The New Typography by Jan Tschichold has been recognized as the definitive treatise on the book and graphic design, Tschichold thought that design needs clarity to see how communication is being achieved in designing. Tschichold wants designers to take a fresh and intelligent approach, instead of doing their original way, when they do their designs as he thinks that their work will come out better than before. Any kind of old way of designs should be forgotten and discarded and new ideas should be created and Tschichold believes that if designers keep following the old ways of design and for many centuries to come, the art world may never move forward with the times of technological and mental advancements.

       Artists, graphic designer and typographer, Karl Gerstner is as critical for his innovation as for his innovation as for his thoughts about innovation as the process.

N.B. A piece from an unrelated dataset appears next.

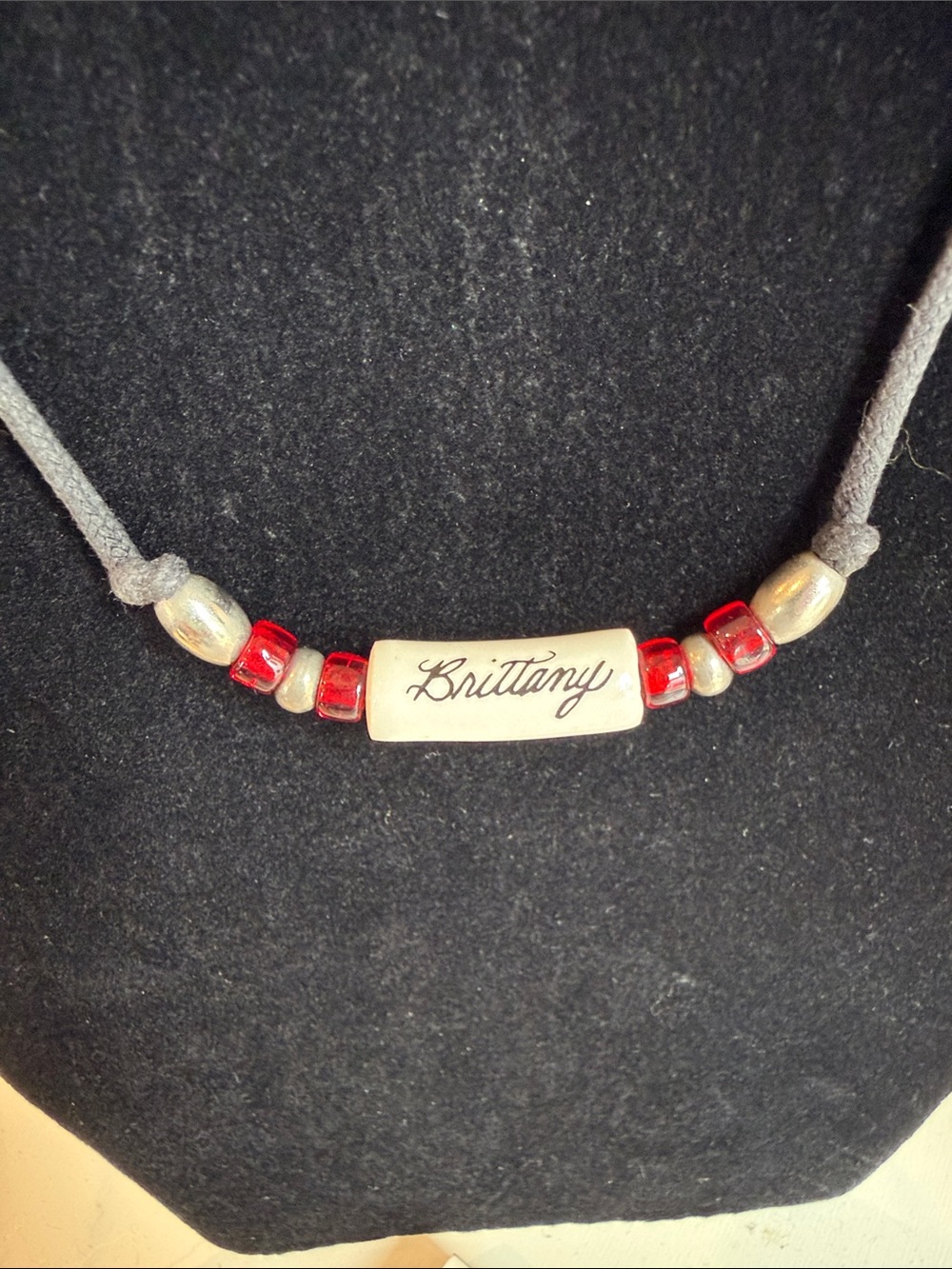 Personalized 'Brittany' Beaded Name Necklace in Red and Silver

He formulated ideas of the versatile network with computational systems in mind. He also developed this concepts of integral typography, where the communication and its structure are indivisible and dependent, the mind being inseparable from typography. Karl Gerstner thought that designing in programmes should apply to a person actually feeling the intelligence in making a decision on how they design programmes and not just making them so ideas and creativity come more easy. The gride Gerstner digram, shown in the text, is his idea of how Fritz Zwicky, an astronomer , Zwicky did his terminology to prove his point on his meaning of design, “to pick out determining elements and combine them.”, and called the digram  “the morphological box of the typogram.” Gerstner followed the method on how the digram goes and was able to create his own solutions, this type of design thinking, which is intended to promote more creative innovation among nondesigners, is based on the different stages of the design process these programmes generally distinguish as define, ideate, prototype, test and evaluate.

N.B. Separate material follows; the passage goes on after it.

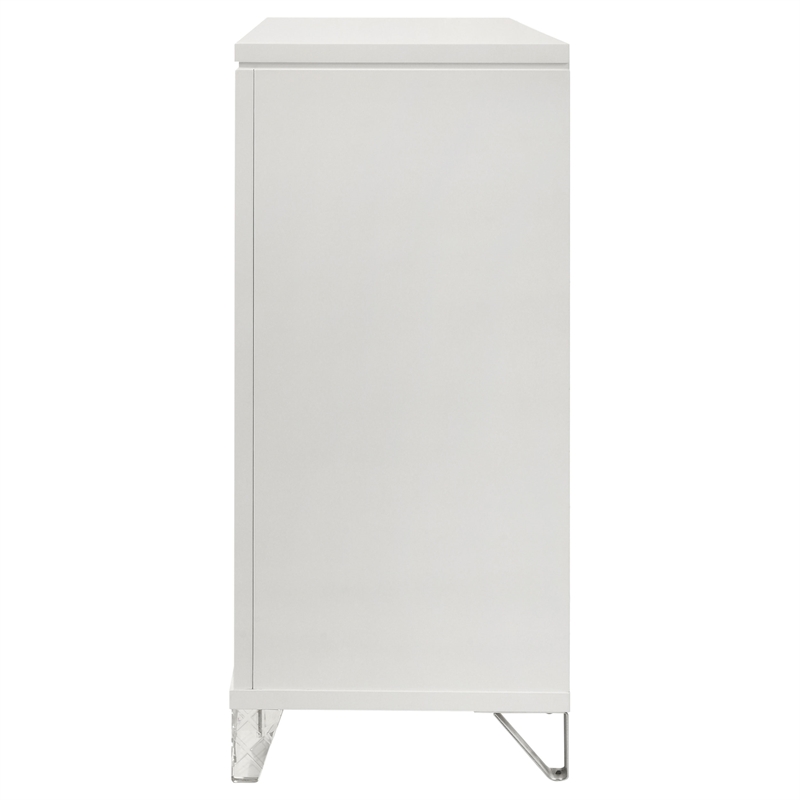 Pemberly Row 9-drawer Dresser Cabinet with Acrylic Legs in White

       A grid system is a rigid framework that is supposed to help graphic designers in the meaningful, logical and consistent organization of information on a page. Rudimentary versions of grid systems existed since the medieval times, but a group of graphic designers, mostly in spired in ideas from typographical literature started building a more rigid and coherent system for page layout. The core of these ideas were first presented in the book that Josef Müller-Brockmann wrote, titled Grid Systems in Graphic Design, which helped to spread the knowledge about grides through the world.